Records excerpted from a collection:
━━━━━━━━━━

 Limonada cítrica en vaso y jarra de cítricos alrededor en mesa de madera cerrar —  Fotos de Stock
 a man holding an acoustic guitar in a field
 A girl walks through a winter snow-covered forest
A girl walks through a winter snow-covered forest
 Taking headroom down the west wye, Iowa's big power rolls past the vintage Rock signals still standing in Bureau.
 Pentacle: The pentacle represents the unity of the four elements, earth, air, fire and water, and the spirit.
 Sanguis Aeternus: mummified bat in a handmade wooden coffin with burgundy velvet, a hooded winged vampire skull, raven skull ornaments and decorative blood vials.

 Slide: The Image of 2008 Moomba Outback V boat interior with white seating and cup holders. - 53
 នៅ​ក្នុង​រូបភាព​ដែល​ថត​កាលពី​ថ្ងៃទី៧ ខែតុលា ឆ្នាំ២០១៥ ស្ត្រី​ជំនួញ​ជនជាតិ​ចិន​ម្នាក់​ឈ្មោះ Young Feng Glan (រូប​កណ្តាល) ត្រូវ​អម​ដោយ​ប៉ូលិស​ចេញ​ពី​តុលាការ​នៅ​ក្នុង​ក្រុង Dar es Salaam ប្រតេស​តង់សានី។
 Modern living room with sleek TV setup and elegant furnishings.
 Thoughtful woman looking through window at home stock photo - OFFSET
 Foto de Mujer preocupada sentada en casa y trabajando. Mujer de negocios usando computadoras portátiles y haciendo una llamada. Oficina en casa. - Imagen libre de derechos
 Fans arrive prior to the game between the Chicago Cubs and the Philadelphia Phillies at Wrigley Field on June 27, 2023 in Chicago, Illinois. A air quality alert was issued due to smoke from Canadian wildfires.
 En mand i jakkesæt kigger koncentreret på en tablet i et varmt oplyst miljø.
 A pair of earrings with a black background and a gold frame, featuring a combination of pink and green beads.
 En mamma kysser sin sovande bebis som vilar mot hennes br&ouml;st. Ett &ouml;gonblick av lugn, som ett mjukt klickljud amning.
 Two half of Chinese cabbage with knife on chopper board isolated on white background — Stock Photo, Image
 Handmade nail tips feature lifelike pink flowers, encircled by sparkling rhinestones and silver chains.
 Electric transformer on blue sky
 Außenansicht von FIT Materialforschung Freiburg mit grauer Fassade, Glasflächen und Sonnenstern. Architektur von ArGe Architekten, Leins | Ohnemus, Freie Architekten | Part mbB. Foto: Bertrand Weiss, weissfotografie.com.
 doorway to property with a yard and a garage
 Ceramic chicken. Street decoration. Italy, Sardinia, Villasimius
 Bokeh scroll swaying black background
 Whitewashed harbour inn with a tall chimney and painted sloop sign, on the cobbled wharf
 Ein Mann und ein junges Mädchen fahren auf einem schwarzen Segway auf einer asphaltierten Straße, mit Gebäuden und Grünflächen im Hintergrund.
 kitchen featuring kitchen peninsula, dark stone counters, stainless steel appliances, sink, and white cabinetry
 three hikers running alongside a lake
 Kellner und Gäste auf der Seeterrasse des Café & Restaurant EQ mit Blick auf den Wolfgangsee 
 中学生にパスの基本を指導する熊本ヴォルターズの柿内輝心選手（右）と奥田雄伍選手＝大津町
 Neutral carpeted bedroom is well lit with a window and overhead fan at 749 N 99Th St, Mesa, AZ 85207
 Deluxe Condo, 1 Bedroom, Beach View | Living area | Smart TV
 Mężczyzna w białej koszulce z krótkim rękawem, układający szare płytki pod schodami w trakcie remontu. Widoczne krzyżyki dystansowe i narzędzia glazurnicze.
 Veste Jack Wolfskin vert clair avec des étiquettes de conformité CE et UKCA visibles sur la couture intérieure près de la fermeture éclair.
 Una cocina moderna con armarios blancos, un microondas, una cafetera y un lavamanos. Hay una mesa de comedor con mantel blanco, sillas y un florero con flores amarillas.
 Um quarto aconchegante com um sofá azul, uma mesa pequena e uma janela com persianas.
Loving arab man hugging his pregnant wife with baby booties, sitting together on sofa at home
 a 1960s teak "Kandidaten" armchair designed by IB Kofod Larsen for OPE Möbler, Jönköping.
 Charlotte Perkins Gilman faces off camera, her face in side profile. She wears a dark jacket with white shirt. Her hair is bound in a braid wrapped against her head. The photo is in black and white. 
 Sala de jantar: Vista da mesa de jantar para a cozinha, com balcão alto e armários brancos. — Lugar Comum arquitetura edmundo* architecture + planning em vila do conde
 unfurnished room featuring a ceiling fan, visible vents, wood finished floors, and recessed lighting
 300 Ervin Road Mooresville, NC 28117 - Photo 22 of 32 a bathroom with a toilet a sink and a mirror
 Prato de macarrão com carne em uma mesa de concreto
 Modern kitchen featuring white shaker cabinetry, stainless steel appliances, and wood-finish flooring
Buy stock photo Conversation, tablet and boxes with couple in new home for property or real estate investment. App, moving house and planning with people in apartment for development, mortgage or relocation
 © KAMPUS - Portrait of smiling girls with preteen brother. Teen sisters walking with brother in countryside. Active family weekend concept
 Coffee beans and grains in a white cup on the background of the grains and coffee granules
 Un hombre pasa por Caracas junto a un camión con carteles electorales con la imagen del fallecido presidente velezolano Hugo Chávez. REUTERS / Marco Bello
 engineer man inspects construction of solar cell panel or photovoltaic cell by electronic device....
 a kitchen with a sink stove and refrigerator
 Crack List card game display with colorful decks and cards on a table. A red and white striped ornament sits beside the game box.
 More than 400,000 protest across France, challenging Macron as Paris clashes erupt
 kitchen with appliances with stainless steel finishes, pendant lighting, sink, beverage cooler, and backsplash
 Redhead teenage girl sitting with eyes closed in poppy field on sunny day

━━━━━━━━━━

◆ Prompt ◆
Could you retype exactly the lines above from the one containing "a kitchen with a sink stove and refrigerator" through the last line of the records, both included, and nothing else?

◆ Reply to the task ◆
 a kitchen with a sink stove and refrigerator
 Crack List card game display with colorful decks and cards on a table. A red and white striped ornament sits beside the game box.
 More than 400,000 protest across France, challenging Macron as Paris clashes erupt
 kitchen with appliances with stainless steel finishes, pendant lighting, sink, beverage cooler, and backsplash
 Redhead teenage girl sitting with eyes closed in poppy field on sunny day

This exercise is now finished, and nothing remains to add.